Cortona, splendido borgo posto sul fianco del monte che digrada ripido verso la val di Chiana, custodisce in un’arca d’argento il corpo incorrotto di santa Margherita, per tutti Margherita da Cortona. In realtà, la santa è venuta al mondo, nel 1247, a Laviano, presso Castiglione del Lago. A Cortona è nata alla grazia e ha percorso la via della santità, dopo un tratto di vita tutt’altro che edificante.

Era una splendida ragazza, la più avvenente del paese. resserepovera e orfana, aveva acceso in lei uno smisurato bisogno di affetto e di amore, e quando questo si è materializzato in un giovane nobile di Montepulciano, Margherita, diciassettenne, l’ha seguito senza porsi tante domande. E per nove anni ha vissuto con quel giovane una passione travolgente, incurante delle convenienze, dei precetti, degli scandali. Una vita di peccato, insomma, segnata anche dalla nascita di un figlio.

Ma poi la tragedia ruppe l’incanto: qualcuno le uccise il marito. Quella morte fu come una sciabolata di luce sulla sua vita, della quale cominciò subito a cogliere le incongruenze e gli equivoci. E anche i limiti di un amore costretto entro l’angusto e turbolento alveo della carnalità. Dopo un po’, Margherita cambiava vita, facendo deviare il fiume del suo piccolo amore nel grande alveo della grazia, trovando finalmente appagamento e quiete.

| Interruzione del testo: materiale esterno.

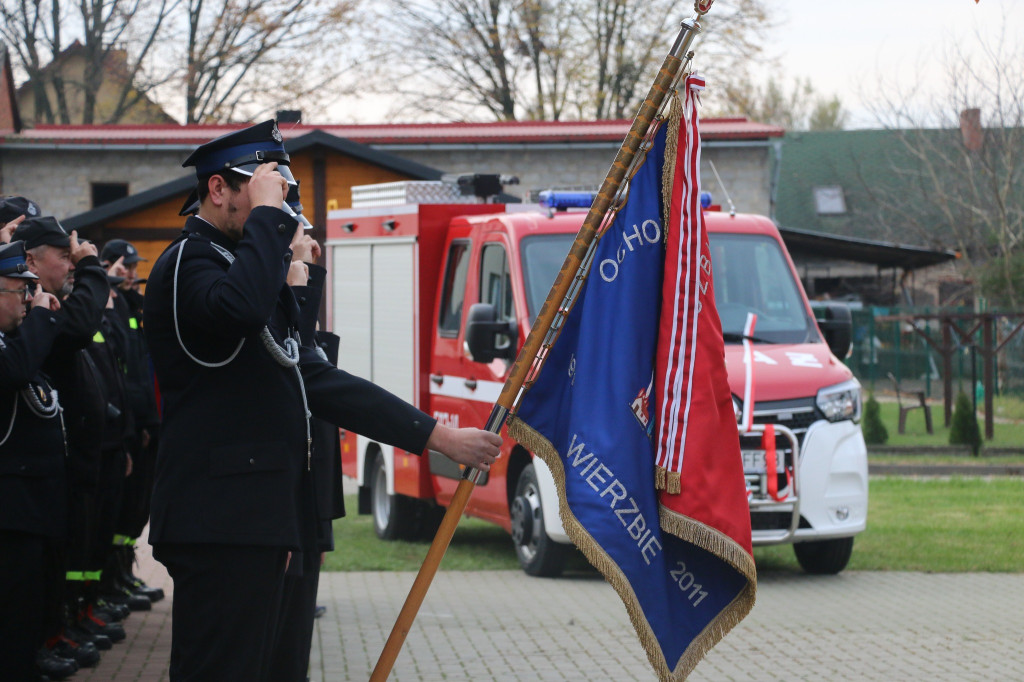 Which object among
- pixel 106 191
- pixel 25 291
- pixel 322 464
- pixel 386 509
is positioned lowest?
pixel 386 509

Riparato lo scandalo, sotto la guida dei frati di san Francesco, Margherita si stabiliva a Cortona, dove iniziava la storia della sua santità, nel segno di una grande austerità e penitenza. Si fece terziaria francescana, pur senza rinunciare al figlio, che mandò a studiare ad Arezzo.

Donna coraggiosa e fuori dagli schemi, di grande forza e fascino interiore, animò la vita sociale e religiosa della città, facendo costruire un ospedale e fondando una congregazione di terziarie, dette Le Poverelle. Si adoperò per mettere pace tra le fazioni che si dilaniavano in città. Nel 1288 si trasferì nella fatiscente chiesa di San Basilio, che fece restaurare e dove trascorse i suoi ultimi anni. Il suo cammino verso la santità si concluse il 22 febbraio 1297.

«Margherita — scrive Piero Bargellini — insegnò come si soffre la solitudine e il disamore. Accettò la dedizione e il sacrificio. Diede esempio […] di disperato amore materno nel deserto dell’amicizia e del disprezzo, e di fiducia nella misericordia divina. Provò il dolore della separazione, l’ansia della riparazione, il peso della colpa». Fu canonizzata nel 1728.